El mundo está cambiando rápidamente, hemos visto cómo se mueven las divisiones políticas dando lugar a países nuevos. Vivimos en un mundo aparentemente lleno de límites, conceptos como nacionalidad o frontera se han vuelto parte de nuestra cotidianidad. Pero, ¿existen fronteras para la gastronomía?
Las fronteras son artificios, una mezcla entre los límites geográficos establecidos por la naturaleza y los límites políticos establecidos por la sociedad. Pero los sabores son capaces de vencerlos.
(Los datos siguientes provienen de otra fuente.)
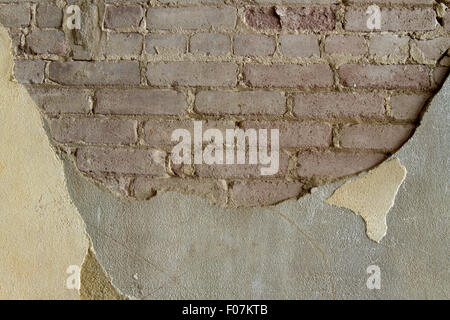 Ziegel und Beton Wand Textur in den Farben gelb und braun. Stockfoto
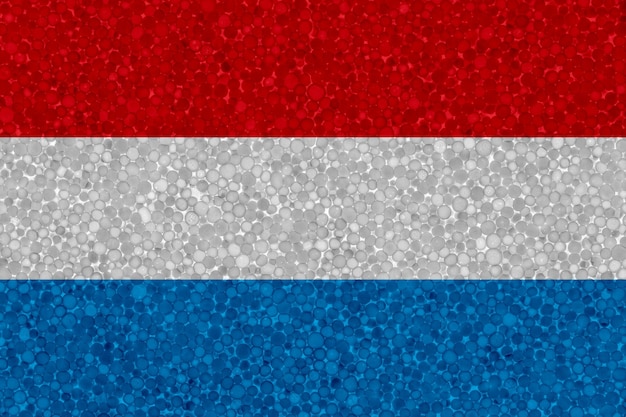 Bandera de Luxemburgo en textura de espuma de poliestireno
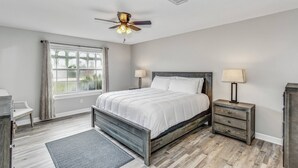 Un dormitorio con cama, mesita de noche, ventilador de techo, ventana con cortinas y suelo de madera.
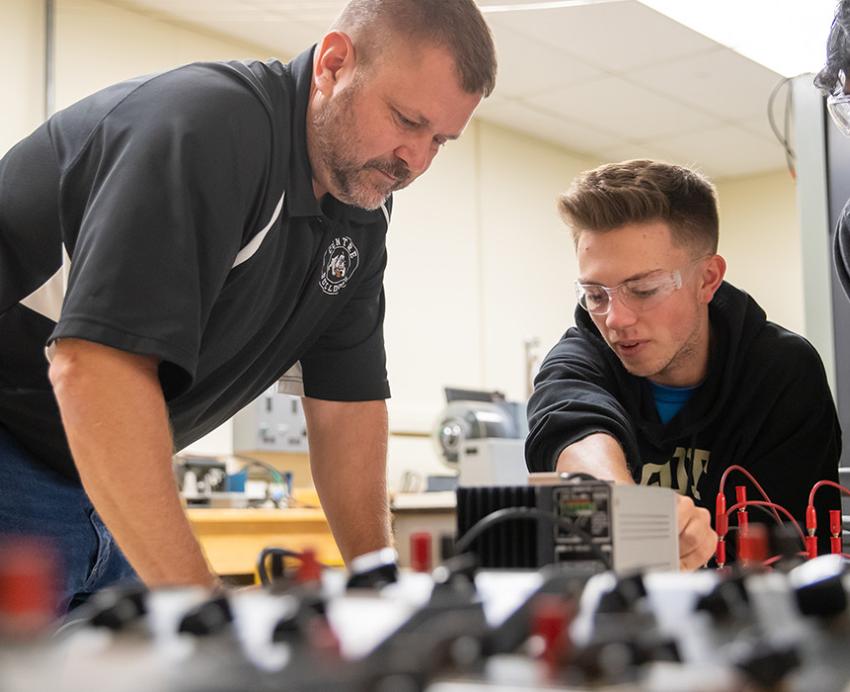 A professor talks to two students working on electrical equipment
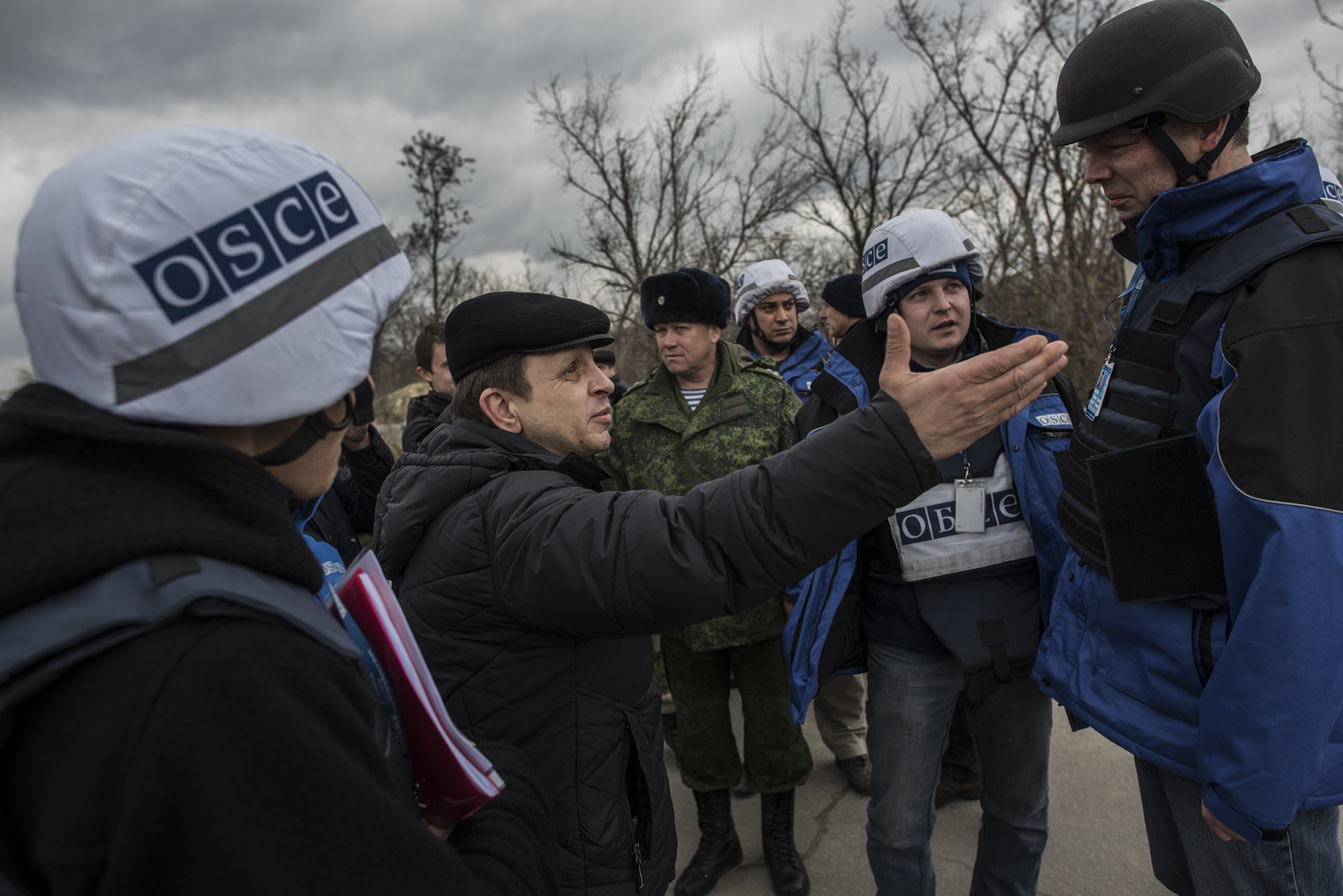 OSCE personnel in Ukraine talking to a man outdoors.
A pesar de la política, las distancias o las guerras, los ingredientes de diferentes culturas son capaces de convivir armónicamente en un mismo platillo.
Observemos la trayectoria de algunos ingredientes que le han dado la vuelta al mundo, como el café, el té o la vainilla. Éstos han viajado y se han reinventado para adaptarse y quedarse en el gusto de la gente, volviéndose universales.
La cocina se enriquece por el intercambio, nada es puro, todo se fusiona. El plato servido en nuestra mesa es la consecuencia de intercambios, de afortunados fracasos y de ideas que hemos recibido como herencia de muchas generaciones. Construimos recuerdos a partir de sabores y olores que conocimos en la infancia o que probamos en algún viaje. La comida está llena de nostalgia, viajamos con las maletas llenas de especias y condimentos para reconstruir nuestras cocinas en lugares nuevos y compartir un poco de nuestra cultura en una mesa lejana.
No todo está dicho, la cocina no está acabada, se sigue construyendo y nos permite enfrentarnos a los cambios, nos anima a seguir creando, a experimentar para mejorar la alimentación del ser humano en un universo creativo que está en constante expansión.